3.      Architectural Comparison
3.1: The Competitors

       There are two 64-bit designs currently in contention, one from each major PC CPU manufacturer
       (INTEL & AMD).
       The Intel architecture named IA-64 is a clean slate design, conceptualised in the early 90’s.
       (Crawford 2000) describes the architecture as a RISC design that can execute multiple instructions
       simultaneously. It makes use of VLIW (very long instruction words) for added flexibility, to group
       instructions that can be executed in parallel (a characteristic referred to as superscalar).

       On the other hand, (Cleveland 2001) describes how AMD is taking a less disruptive approach to
       the challenge of 64-bit computing with x86-64. Their design is an extension on the existing x86-32
       CISC architecture to overcome maximum addressable memory restrictions, and allow 64-bit
       calculations to be performed natively.

       Whether one approach is better or not is difficult to judge, as both have obvious advantages and
       disadvantages.
       Each aspect of the designs will now be examined, to help determine which is superior in differing
       scenarios.




                                                     5
3.2:     GPR (General Purpose Register) Comparison
       As the IA-64 is RISC based architecture, the number of general purpose registers is large.
       Compared with traditional x86 designs, the 128 integer registers and 128 floating point are
       positively massive. Obviously, the general purpose registers are 64-bit wide, and the floating point
       are 82-bits wide. (Turley 2002) / (Huck, Morris 2000).


                                                                 The diagram to the left
                                                                 shows the general purpose
                                                                 integer and floating point
                                                                 registers, and their widths.
                                                                 Note the floating point is
                                                                 slightly wider (82-bit), and
                                                                 the Program Counter (PC) is
                                                                 64-bit, like the general
                                                                 integer registers.
       Figure 2: A simplified diagram          of IA-64
       internal registers

       This architecture gives the programmer or compiler an incredibly rich supply of registers, totalling
       328.


       AMD’s choice of register design was easily decided once they chose to extend the existing x86-32
       architecture.
       Comparable to when the original 8086 register set of 8 16-bit registers were extended to 32-bits for
       the launch of the 80386 CPU, AMD is implementing their extension to 64-bit in the same way.
       The 32-bit full registers were accessed by using different assembly language mnemonics to address
       each general purpose register, e.g. AX became EAX. For AMD’s 64-bit extension the new
       mnemonic prefix is R, e.g. AX register becomes RAX for the full 64-bits.

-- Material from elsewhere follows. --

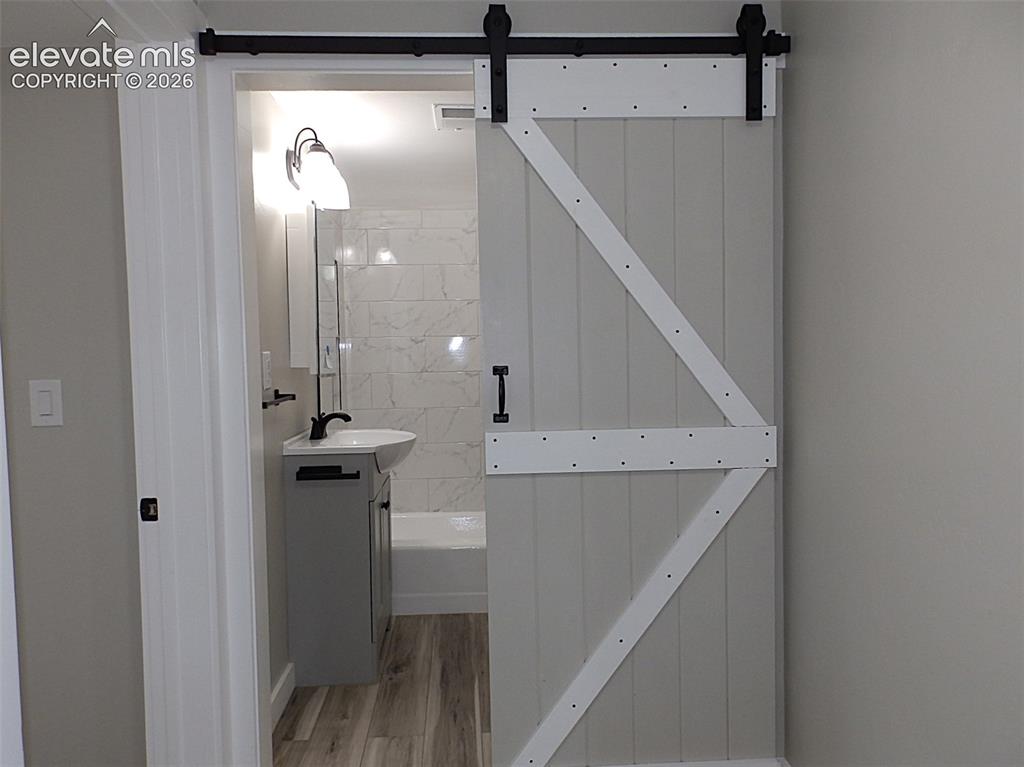 Image 10 of 17: Bathroom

       (Leibson 2000) details a further augmentation that AMD has implemented to the existing x86
       design. While operating in 64-bit mode, the CPU can also make use of an extra eight general
       purpose registers, which should help overcome some of the limitations of this ageing architecture.
       The new registers double the total GPRs, as the diagram below shows.




                                                                     This diagram shows
                                                                     the general purpose
                                                                     registers have been
                                                                     doubled in width, and
                                                                     also     doubled    in
                                                                     quantity. The program
                                                                     counter also has been
                                                                     doubled in width.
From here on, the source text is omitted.